RE: Proposed Draft UTR #31 - Syntax Characters

From: Marco Cimarosti (
Date: Fri Aug 22 2003 - 14:29:04 EDT

  • Next message: Peter Kirk: "Re: Proposed Draft UTR #31 - Syntax Characters"

    Mark Davis wrote:
    > Technical Report issues would be fine.
    > I think #1 is worth considering. For #2, see other message to
    > Peter Kirk.

    I agree with your statement: "The purpose of the Pattern Syntax characters
    is *not* to list everything that is a symbol or punctuation mark". But that
    is what Kirk suggested, not what I proposed.

    I proposed to exclude a *limited* set of script-specific punctuation that
    *might* be confused with punctuation characters normally used in the syntax
    of computer languages, either because they look identical, or because they
    are perceived culturally as "another form of the same character".
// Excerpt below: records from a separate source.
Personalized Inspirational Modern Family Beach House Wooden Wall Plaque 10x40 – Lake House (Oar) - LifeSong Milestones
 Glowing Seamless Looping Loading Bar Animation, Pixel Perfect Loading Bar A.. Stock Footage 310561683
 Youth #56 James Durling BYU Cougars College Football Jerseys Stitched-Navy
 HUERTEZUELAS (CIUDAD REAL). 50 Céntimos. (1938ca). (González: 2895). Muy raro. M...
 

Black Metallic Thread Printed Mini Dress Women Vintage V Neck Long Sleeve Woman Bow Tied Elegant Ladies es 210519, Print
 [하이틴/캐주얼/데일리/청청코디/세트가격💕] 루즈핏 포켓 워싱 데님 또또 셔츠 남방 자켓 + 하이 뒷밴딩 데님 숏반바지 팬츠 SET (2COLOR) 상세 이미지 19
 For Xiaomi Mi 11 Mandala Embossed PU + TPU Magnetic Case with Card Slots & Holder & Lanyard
    E.g., I kept out from the list everything belonging to ancient scripts
    (who's going to write programs in Linear B!?) and anything that I suspected
    would be valid inside a word or expression: hyphens, emphasis markers,
    ellipsis marks, etc.

    You said that the list of ranges must be invariable, but I doubt that we
    will many new *modern* and *commonly* used punctuation marks in future
    versions, so think that this requirement for invariability can reasonably be

    I already made the example of the Greek question mark which may be mistaken
    for a semicolon. That is *not* an unlikely situation: if a Greek programmer
    has his keyboard in Greek mode (because he just finished typing an
    identifier containing Greek letters) he may well forget to turn it to Latin
    mode before typing the trailing semicolon.

    Similarly, due to the fact that some punctuation characters (parentheses,
    etc.) are mirrored in a RTL context, an Arab programmer may think that "؟"
    is just an alternate RTL glyph for "?", so he may be puzzled by apparently
    absurd error messages.

    E.g., he types:


    And the system calls routine "foo" passing variable "bar" to it. ("?" is the
    "call" operator of this hypothetical programming language).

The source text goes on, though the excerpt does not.